MARC BAYARD est critique et historien de l’art, commissaire d’exposition et éditeur. Il est l’auteur de plusieurs ouvrages.
Après des études de droit, il a entamé un cursus d’histoire de l’art et est devenu docteur en histoire de l’art à l’École des hautes études en sciences sociales. Il a dirigé pendant 6 ans le département d’histoire de l’art de la Villa Médicis (2004-2010). Dans ce cadre il a été rédacteur en chef de la revue Studiolo et directeur scientifique de plusieurs ouvrages. Il a été également membre du Cabinet du ministre de la Culture, M. Frédéric Mitterrand, en charge de l’histoire de l’art, du Festival de l’histoire de l’art à Fontainebleau et du Centenaire André Chastel (2011).
Depuis 2011, il est conseiller au développement culturel et scientifique au Mobilier national. Il est ainsi en charge du développement international des expositions, responsable des activités pédagogiques, du programme scientifique des « Rencontres des Gobelins » et des programmes de recherche.
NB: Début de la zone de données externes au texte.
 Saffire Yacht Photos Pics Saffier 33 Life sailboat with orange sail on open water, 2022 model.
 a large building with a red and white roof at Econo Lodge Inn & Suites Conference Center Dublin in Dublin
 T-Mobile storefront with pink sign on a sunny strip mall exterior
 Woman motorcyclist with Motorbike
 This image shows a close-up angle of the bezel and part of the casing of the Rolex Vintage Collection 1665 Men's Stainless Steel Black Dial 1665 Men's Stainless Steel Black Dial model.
Il assure enfin la direction artistique de la Carte blanche des artistes contemporains qu’il a créé à la Galerie des Gobelins (Vincent Bioulès, Yan Pei-Ming, Pierre Buraglio, Eva Jospin, Pierre & Gilles).
Initiateur du Slow Made, mouvement pour la promotion des métiers du savoir-faire et de la création (mouvement qui a reçu le EVENEMENTS dans le cadre de l’exposition / parrainage du ministre de la Culture et de la Communication et qui est soutenu par le Mobilier national et l’Institut national des métiers d’art), Marc Bayard a été, en 2011, élevé au grade de chevalier des Arts et des Lettres.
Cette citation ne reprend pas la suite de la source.